Data provided Block Start

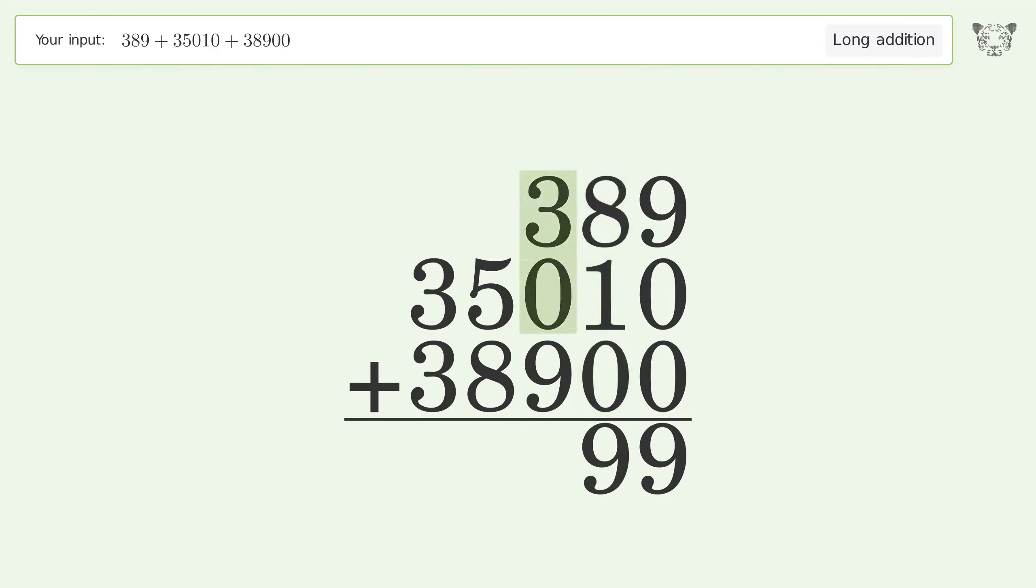3 plus 0 plus 9 equals 12. Carry 1 to the thousands place.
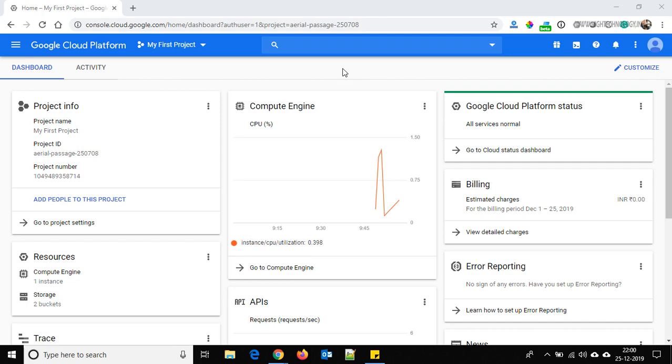My friend, this is Mandeep and you are watching Hitechnology TV. In this video tutorial we are going to show you how to install WordPress on Google Cloud Platform.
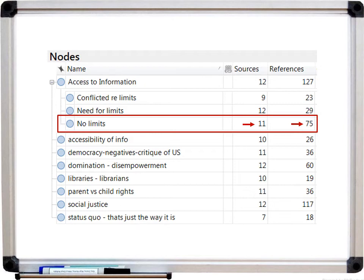I can also see that there are 75 individual passages of text coded at the theme of 'no limits to access to information,' compared to the 'need for limits' and 'conflicted regarding limits' themes, which were much smaller. So I have a sense that the 'no limits' theme seems more prevalent. Because I'm doing qualitative research, I want to see what they're actually saying — so I can double-click on this node to open a view of those individual passages of text sorted out by the individual data sources.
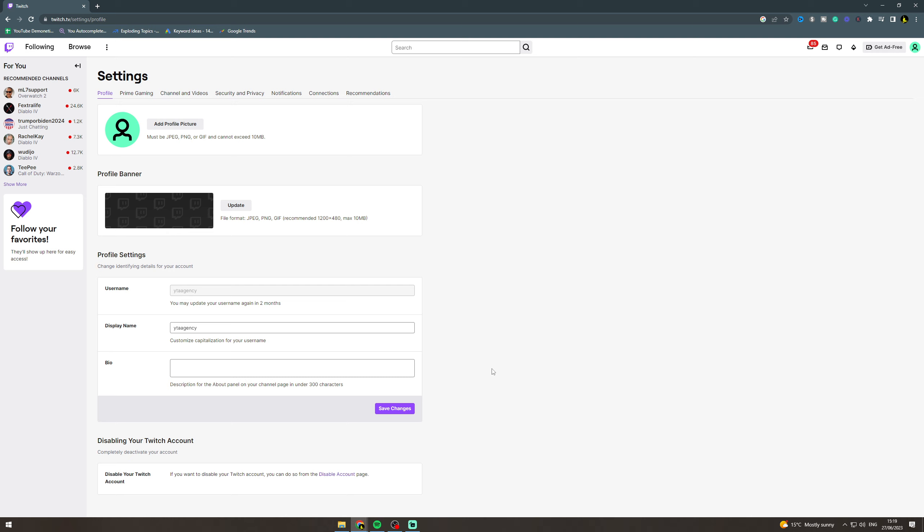Once you're done and you've set the names that you want, you can click save changes and that's going to change your name on Twitch. If you enjoyed this video and found it useful, please like, subscribe, and comment down below. Thank you for watching.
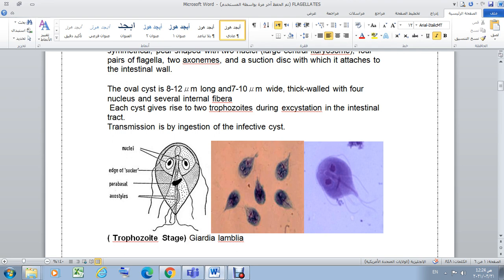The trophozoite has eight flagella, two nuclei, and axostyles. Under the microscope and in the illustrative diagram, it has a large karyosome that is very clearly visible inside the nucleus.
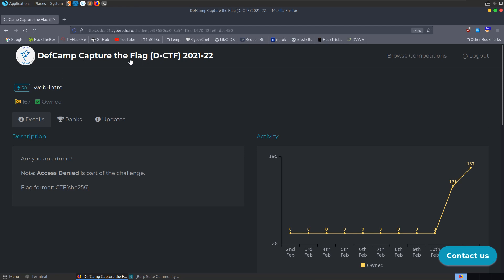Funnily enough, the first CTF video that I uploaded to YouTube was back in 2017 for the DefCamp qualifiers, around the time that I went to the conference in Bucharest. I would recommend not going back to look at that video because the audio quality is terrible, but hopefully this one will be a bit better.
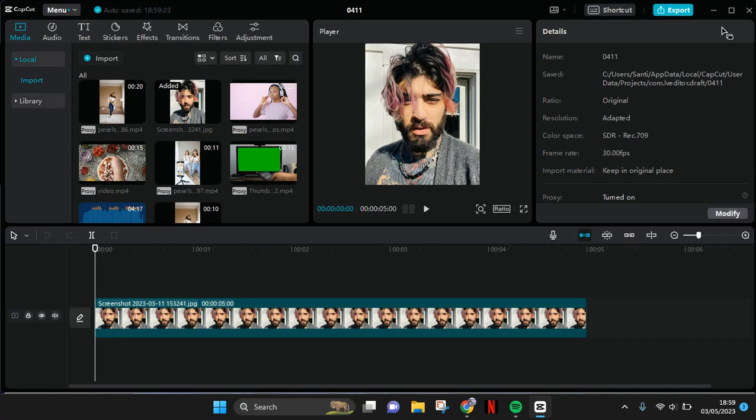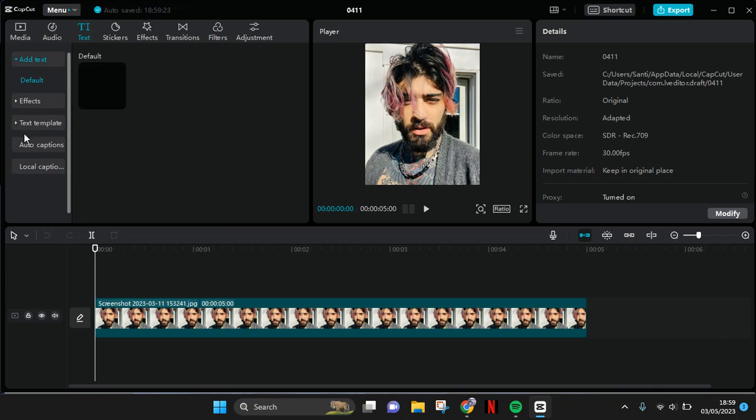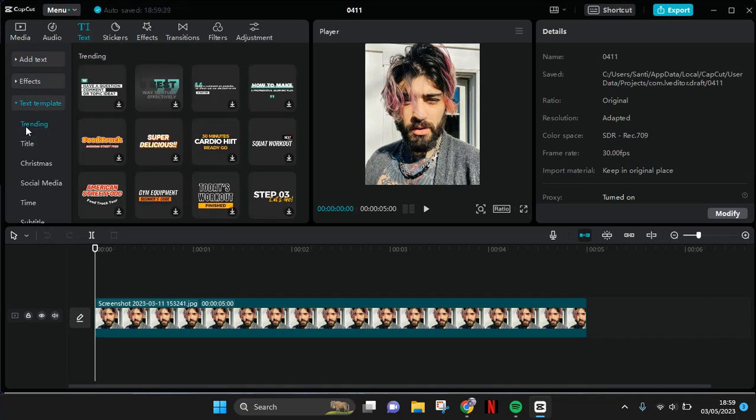Hi everyone, welcome back to my channel. In today's video, I'm going to show you how we can edit the tags from the text template on CapCut PC. So here I'm going to start by going to tags and adding the text template. So let's say I want to use...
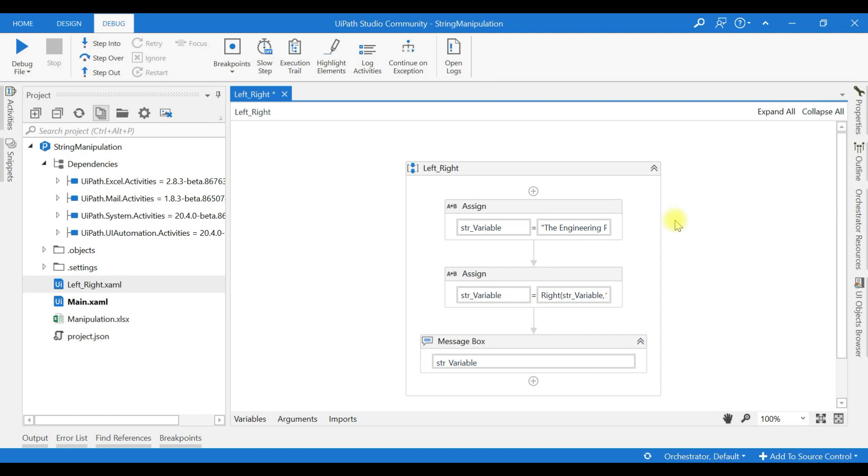Hello friends, now we see another two string manipulation functions in this video, that is left and right function. Let us see how it is useful in extracting part of the string. I have used a variable, a string variable named str_variable.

Data provided Block End

**Problem description**.
Repeat the entries exactly and keep the pictures out of the copy.

**Exercise result**.
3 plus 0 plus 9 equals 12. Carry 1 to the thousands place.
My friend, this is Mandeep and you are watching Hitechnology TV. In this video tutorial we are going to show you how to install WordPress on Google Cloud Platform.
I can also see that there are 75 individual passages of text coded at the theme of 'no limits to access to information,' compared to the 'need for limits' and 'conflicted regarding limits' themes, which were much smaller. So I have a sense that the 'no limits' theme seems more prevalent. Because I'm doing qualitative research, I want to see what they're actually saying — so I can double-click on this node to open a view of those individual passages of text sorted out by the individual data sources.
Once you're done and you've set the names that you want, you can click save changes and that's going to change your name on Twitch. If you enjoyed this video and found it useful, please like, subscribe, and comment down below. Thank you for watching.
The trophozoite has eight flagella, two nuclei, and axostyles. Under the microscope and in the illustrative diagram, it has a large karyosome that is very clearly visible inside the nucleus.
Funnily enough, the first CTF video that I uploaded to YouTube was back in 2017 for the DefCamp qualifiers, around the time that I went to the conference in Bucharest. I would recommend not going back to look at that video because the audio quality is terrible, but hopefully this one will be a bit better.
Hi everyone, welcome back to my channel. In today's video, I'm going to show you how we can edit the tags from the text template on CapCut PC. So here I'm going to start by going to tags and adding the text template. So let's say I want to use...
Hello friends, now we see another two string manipulation functions in this video, that is left and right function. Let us see how it is useful in extracting part of the string. I have used a variable, a string variable named str_variable.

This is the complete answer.